By HILARY GAVIN
LAST WEEK I posted a Facebook message for my friends to read after discovering that the author, former BBC journalist and MI6 self-confessed Cold war “asset”, Frederick Forsyth had sadly passed away earlier this month in his early eighties.
Now, if you don’t recognise Freddie Forsyth by name, you’ve probably heard of his 1971 political thriller The Day of the Jackal, which was made into a movie starring Edward Fox and directed by Frank Zinnemann a couple of years later.
I have to confess that I’ve never read The Day of the Jackal but I have seen Zinnemann’s gripping movie in which Edward Fox plays the ice-cool assassin hired by the shadowy right-wing OAS group, disaffected by Algeria’s independence from French colonial rule, to kill their president Charles de Gaulle in the Sixties.

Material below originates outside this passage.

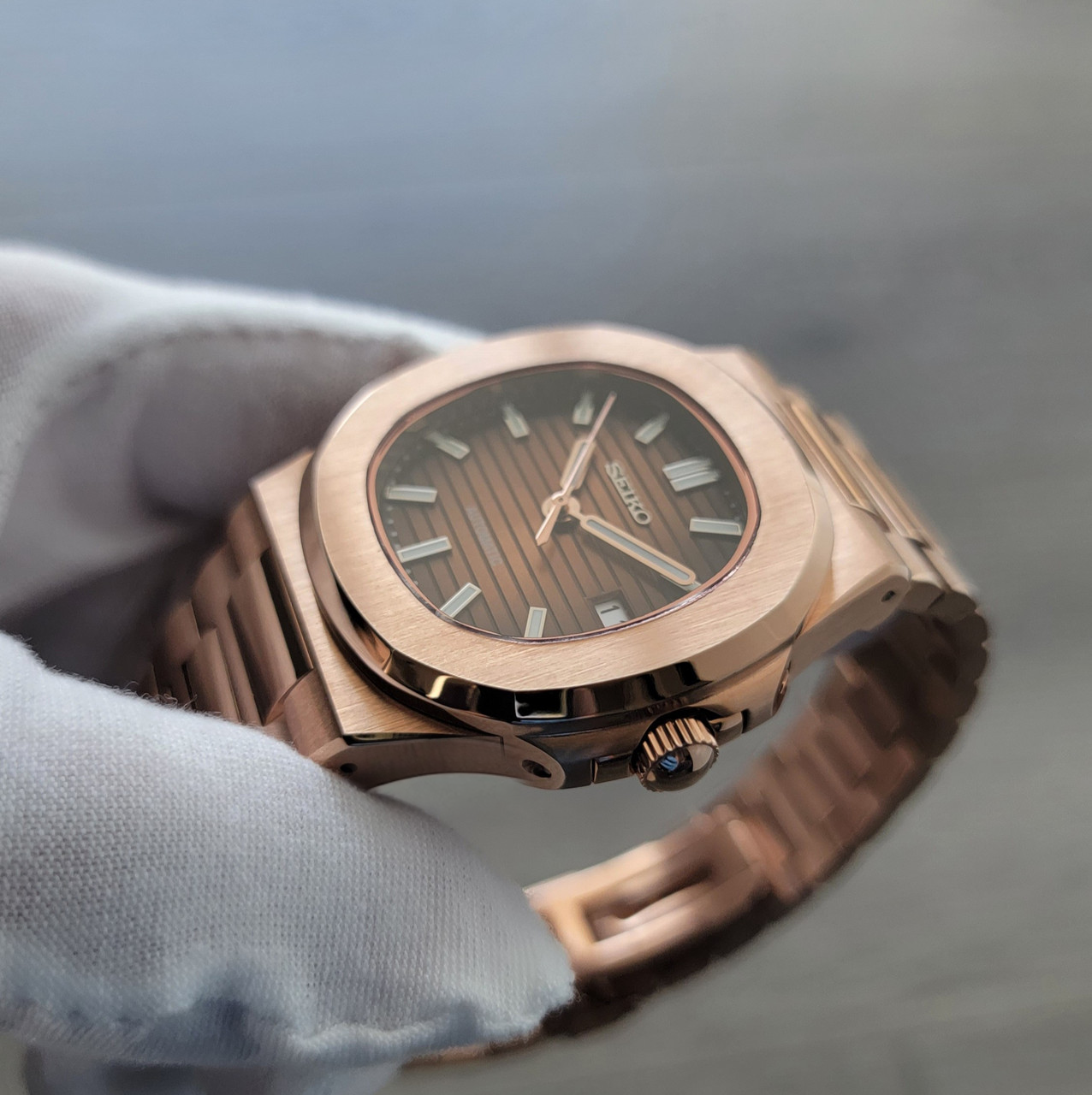 Nautilus Chocolate Rose Embossed Dial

Of course, I also never met the esteemed author Mr Forsyth in person but I once proof-read one of his Daily Express columns as a freelance sub-editor and was surprised to have to pull him up on a couple of facts about my favourite period in British history, the English Civil War (now known as the War of the Three Kingdoms).
At the time, I was puzzled that Mr Forsyth had made such rudimentary mistakes because he was, without any doubt in my mind, an astute, intelligent journalist – as the YouTube clip of his 2013 interview at the Frontline Club above illustrates.

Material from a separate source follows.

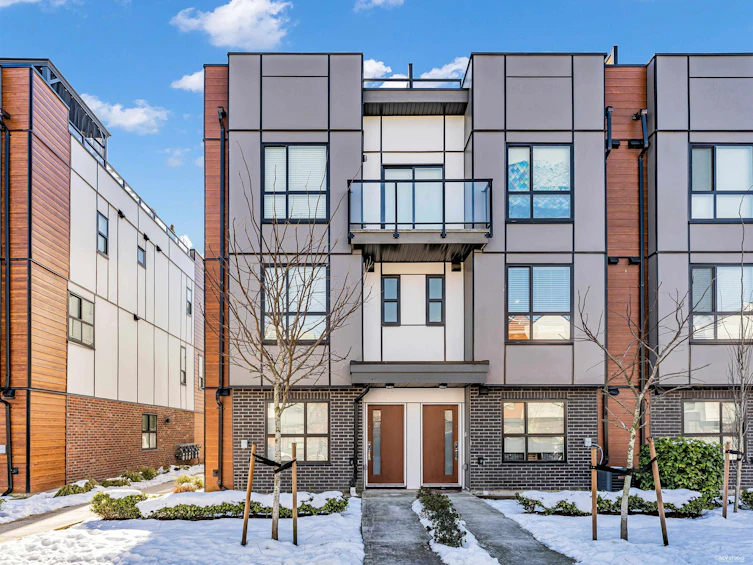 7-19760 55 Avenue, Langley, BC, V3A 3W9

As you can see from this YouTube clip, it would seem that some of Mr Forsyth’s lofty circle of BBC foreign correspondents revered Freddie’s journalistic prowess in the mid-Sixties, as his ex-colleague Mr Martin Bell explains as he introduces the event’s “star turn”.
You only have to read “Freddie’s” Wikipedia page to realise he was a high achiever from a young age flying fighter jets during his National Service in the late Fifties before joining Reuters News Agency in 1961 and subsequently “Aunty Beeb” in the mid-Sixties.
But, if you watch the YouTube clip, you’ll hear Mr Forsyth telling the audience, who had gathered for the “When Reporters Cross the Line” event in London in 2013, that he hadn’t realised that he had become part of the British Establishment by accepting the post of the BBC’s Assistant Diplomatic Correspondent at the “unnaturally young”, and “offensively young” for some, age of 28 years old.
At the time, he had not been aware how “cynical, manipulative and, when crossed, how cruel…” the British Establishment could be and he only learned the hard way after he was, in his own words, “busted” to a general reporter by the BBC following his recall from reporting on the Nigerian Civil War in 1968.
When quizzed by Martin Bell, Mr Forsyth revealed that he had “crossed the line” three times as a reporter during the otherwise-known Biafran War; firstly, when he inadvertently joined the British Establishment at the BBC; secondly, by resigning from the national broadcaster because he refused “to serve” said Establishment by subscribing to their pro-Nigerian Federal bias in managing news; and thirdly, he admitted, by quite deliberately raising the awareness of starving children who were dying needlessly in the “concocted famine” in Biafra, Nigeria.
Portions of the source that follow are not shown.